Он был солидный господин в форменном сюртуке духовного ведомства. Сквозь хорошо ухоженную, уже не поповскую, а светскую каштановую раздвоенную бороду просвечивал вишневой эмалью орден святой Анны на алой орденской ленточке.

Никанор Никанорович как бы царствовал в своей большой казенной квартире в здании старой семинарии, где имелись кафельные печи с хорошо начищенными вьюшками. Эти печи зимою топились казенными дровами, которые приносил из сарая семинарский истопник.

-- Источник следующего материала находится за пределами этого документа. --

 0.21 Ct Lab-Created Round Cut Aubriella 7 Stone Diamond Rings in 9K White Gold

По сравнению с маленькой квартиркой своего брата Николая Никаноровича квартира старшего Синайского поражала воображение маленького Саши множеством комнат, богатством, как казалось мальчику, обстановки и непривычным видом паркетных полов, их почти зеркальным блеском и запахом желтой мастики, которой эти полы натирали полотеры. Непривычен был также запах табачного пепла, залежавшегося серебристо-сиреневыми горками внутри тропических рогатых раковин. Подобные пепельницы обычно находились в богатых квартирах, в приемных зубных врачей и у адвокатов.

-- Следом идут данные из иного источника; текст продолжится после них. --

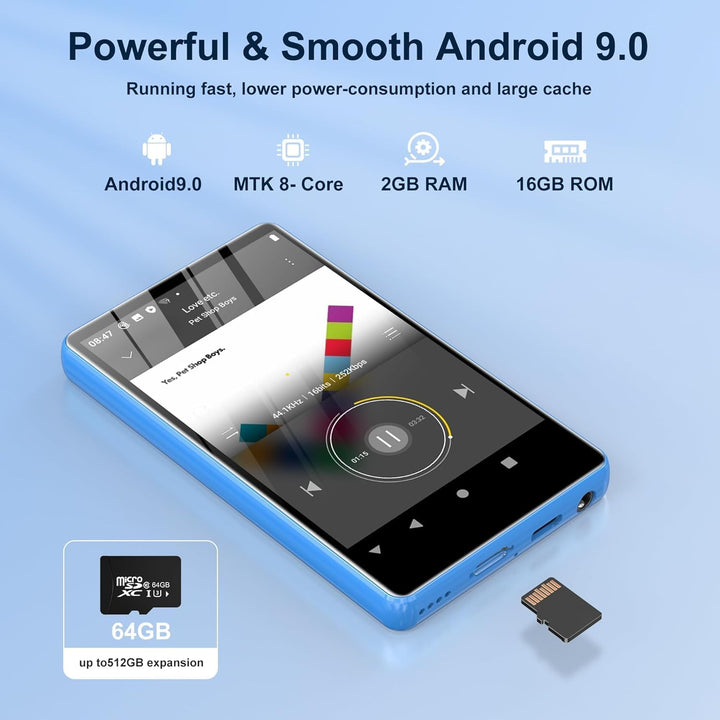 80GB MP3 Player with Bluetooth and WiFi, SWOFY 4.0 Inch Touchscreen MP3 MP4 Player, Portable Stereo,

Присутствовал также тревожащий запах дамской пудры, цветочного одеколона и вина, совсем незнакомый и даже враждебный маленькому Саше. Его отец не пил, не курил, не играл в карты. Он вел скромную жизнь и, отходя ко сну, долго молился перед иконой с красной лампадкой и пальмовой веткой, заложенной за икону. Смиренно крестясь, и кланяясь, и роняя со лба семинарские волосы, он скорее походил не на педагога, а на священника.


Семейство Никанора Никаноровича было большое, в нем имелись двоюродные сестры и братья Саши – родные братья и сестры Миши. Но Саша и Миша в сравнении с ними выглядели совсем малышами. Все эти многочисленные братья и сестры – родные и двоюродные – родились и выросли еще до появления на свет божий двоюродных братьев Миши и Саши. Некоторые из них были уже студентами или курсистками.

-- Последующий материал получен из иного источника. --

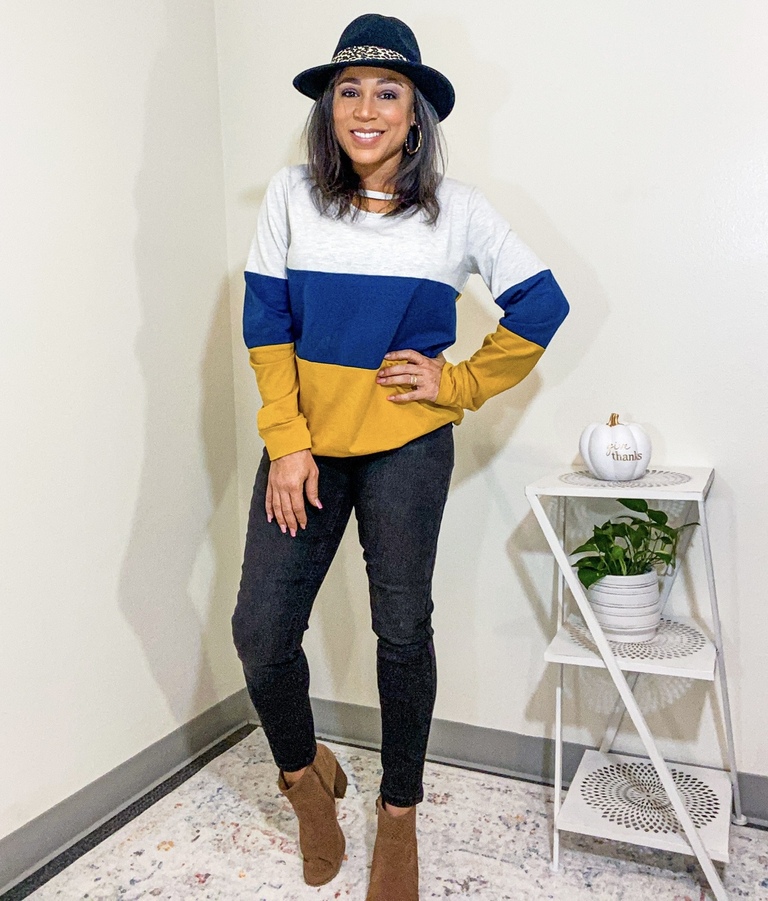color block long sleeve top white navy gold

…Мальчики с завистью и уважением смотрели на синие стоячие воротники студенческих мундиров и на маленькие, уже почти дамские шляпки курсисток…


Семья Никанора Никаноровича была дружная. Днем большая квартира пустовала: все, кроме Миши и его матери, находились кто в университете, кто на курсах, кто в семинарии на уроках, так что маленькие двоюродные братья были полными хозяевами квартиры и свободно ходили из комнаты в комнату, разглядывали и трогали руками разные запрещенные вещи, а в передней смотрелись в большое зеркало, делали гримасы и примеряли разные шляпы, шапки и фуражки. Они до того осмелели, что однажды даже проскользнули в кабинет Никанора Никаноровича и стали рыться в ящиках письменного стола, где, кроме папирос и сигар, обнаружили медные наперсные кресты на орденских лентах, которыми Миша очень хвалился и говорил, что это боевые отличия дедушки и прадедушки. Оказывается, священники тоже участвовали в войнах и были награждены за боевые отличия, но не орденами, а наперсными крестами разных степеней.

Один медный крест на анненской ленте принадлежал вятскому дедушке, награжденному во время несчастной севастопольской кампании за религиозно-пастырскую, патриотическую проповедь среди ополченцев, формировавшихся в Вятской губернии.

Другой наперсный крест – почерневший от времени, как бы даже оплывший, на строгой владимирской ленточке, черно-красной, – принадлежал прадеду или даже прапрадеду, награжденному за Бородинское сражение достославного двенадцатого года.

Мальчики надевали на шею эти кресты, воображая себя героями священниками, идущими в бой вместе со славным русским воинством.


Они уже с детства были готовы сражаться за родину


В утренние часы в распоряжении разыгравшихся мальчиков находились все комнаты квартиры, кроме той маленькой комнатки, где лежала одиннадцатилетняя сестра Миши, медленно умиравшая от костного туберкулеза, поразившего коленную чашечку ее правой ноги. Иногда в полуоткрытую дверь ее комнатки мальчики видели фи-ГУРКУ зловеще исхудавшей девочки с острым носиком, ее прозрачно-белое личико, ее ночную сменную сорочку, а иногда забинтованное колено, когда она, прыгая на одной ноге, перебиралась с кровати к подоконнику, где лежали книжки, которые она читала, и стояли пузырьки с лекарствами.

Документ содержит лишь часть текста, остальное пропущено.